Having a closer look at pricing models in the cloud gives greater flexibility and enables us to save money. There are also more advanced technologies that also help to save money such as newvem, what we will talk about later.

Economic Principles for Cloud Computing

Cloud Computing is not just a new hype but it also delivers some great benefits for Businesses. Cloud Computing is nothing ground-breaking new but rather a new name for already existing technologies. This also applies to Businesses since factors that apply to outsourcing, mostly apply to Cloud Computing also.
This Article is inspired by the Whitepaper “Wildemann, 1987” on outsourcing.
Wildemann describes 5 key factors for Outsouring: Strategy, Performance, Costs, Financials, Human Resources. Each key factor consists of factors that fall into a key factor.

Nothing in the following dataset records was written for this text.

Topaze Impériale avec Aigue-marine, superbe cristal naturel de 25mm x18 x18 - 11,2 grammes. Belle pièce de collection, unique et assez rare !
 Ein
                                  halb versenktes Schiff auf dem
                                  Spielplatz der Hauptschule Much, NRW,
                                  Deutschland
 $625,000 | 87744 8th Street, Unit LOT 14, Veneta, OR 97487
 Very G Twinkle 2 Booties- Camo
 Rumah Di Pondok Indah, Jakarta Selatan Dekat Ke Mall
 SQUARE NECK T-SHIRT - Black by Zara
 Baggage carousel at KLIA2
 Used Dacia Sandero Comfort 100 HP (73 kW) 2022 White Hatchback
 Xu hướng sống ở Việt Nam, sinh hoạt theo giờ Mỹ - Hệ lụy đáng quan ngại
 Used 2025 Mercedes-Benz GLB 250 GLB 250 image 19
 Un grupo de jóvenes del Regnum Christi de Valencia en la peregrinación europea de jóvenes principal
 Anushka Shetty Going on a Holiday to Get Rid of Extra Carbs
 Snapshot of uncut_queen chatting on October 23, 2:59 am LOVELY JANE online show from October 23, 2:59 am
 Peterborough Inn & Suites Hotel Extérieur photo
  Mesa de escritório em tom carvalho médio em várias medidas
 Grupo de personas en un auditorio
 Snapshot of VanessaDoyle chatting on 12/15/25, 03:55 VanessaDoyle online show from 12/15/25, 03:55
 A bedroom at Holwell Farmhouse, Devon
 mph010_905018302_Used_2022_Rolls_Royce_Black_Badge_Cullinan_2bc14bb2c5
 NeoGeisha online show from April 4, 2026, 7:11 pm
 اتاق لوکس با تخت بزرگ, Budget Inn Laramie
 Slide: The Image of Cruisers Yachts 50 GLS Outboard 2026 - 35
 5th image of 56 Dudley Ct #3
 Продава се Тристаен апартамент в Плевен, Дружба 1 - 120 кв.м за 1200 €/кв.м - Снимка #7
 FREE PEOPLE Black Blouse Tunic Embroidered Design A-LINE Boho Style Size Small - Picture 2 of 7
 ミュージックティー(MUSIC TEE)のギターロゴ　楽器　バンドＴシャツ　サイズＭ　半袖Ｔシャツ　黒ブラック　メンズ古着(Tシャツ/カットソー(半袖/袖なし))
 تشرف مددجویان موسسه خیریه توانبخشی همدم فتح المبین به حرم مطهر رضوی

Strategy as indicator for Cloud Computing

Strategy as indicator for Cloud Computing

Strategy describes opportunities for the Business using Outsouring or Cloud Computing. It doesn’t describe benefits for the Cloud Computing Provider. Imagine you are a company that manufactures supplies for cars. It is definitely important to have a performant IT up’n’running, but why would you built all the IT on your own? For a company, it is important to concentrate on the core business. IT should support the company, but it shouldn’t use too many ressources. If a company outsources it’s IT department, it also gets higher flexibility. Another factor comes with risk – why would you want to care about possible server outages? With Cloud Computing, you simply transfer this risk to your Cloud Computing Provider. Last but not least, outsourcing gives greater Standardisation possibilities. With Cloud Computing, Standards get more and more important.
Performance as indicator for Cloud Computing

Performance as indicator for Cloud Computing

Performance describes the Outsourcers point of view. This means the increased performance a Cloud Computing provider can deliver. If you do something very often, you might get really good in it after a while. Different companies focused on delivering their products and improving them, as they specialized on it. Specialisation leads to higher performance by the service provider. Between Cloud Computing providers and companies using their services, SLAs are often used to define the Services and Responsibilities between them. If the IT is not outsourced but within your company, you might have no defined services. What we can already see in the Cloud is the high level of Service Orientation. All Cloud Platforms contain “as a Service” in it and the services are built for service orientation. Companies that keep their IT on-premise often run into scaling issues, as  services are not available on-demand. Cloud Computing providers have an on-demand availability of services.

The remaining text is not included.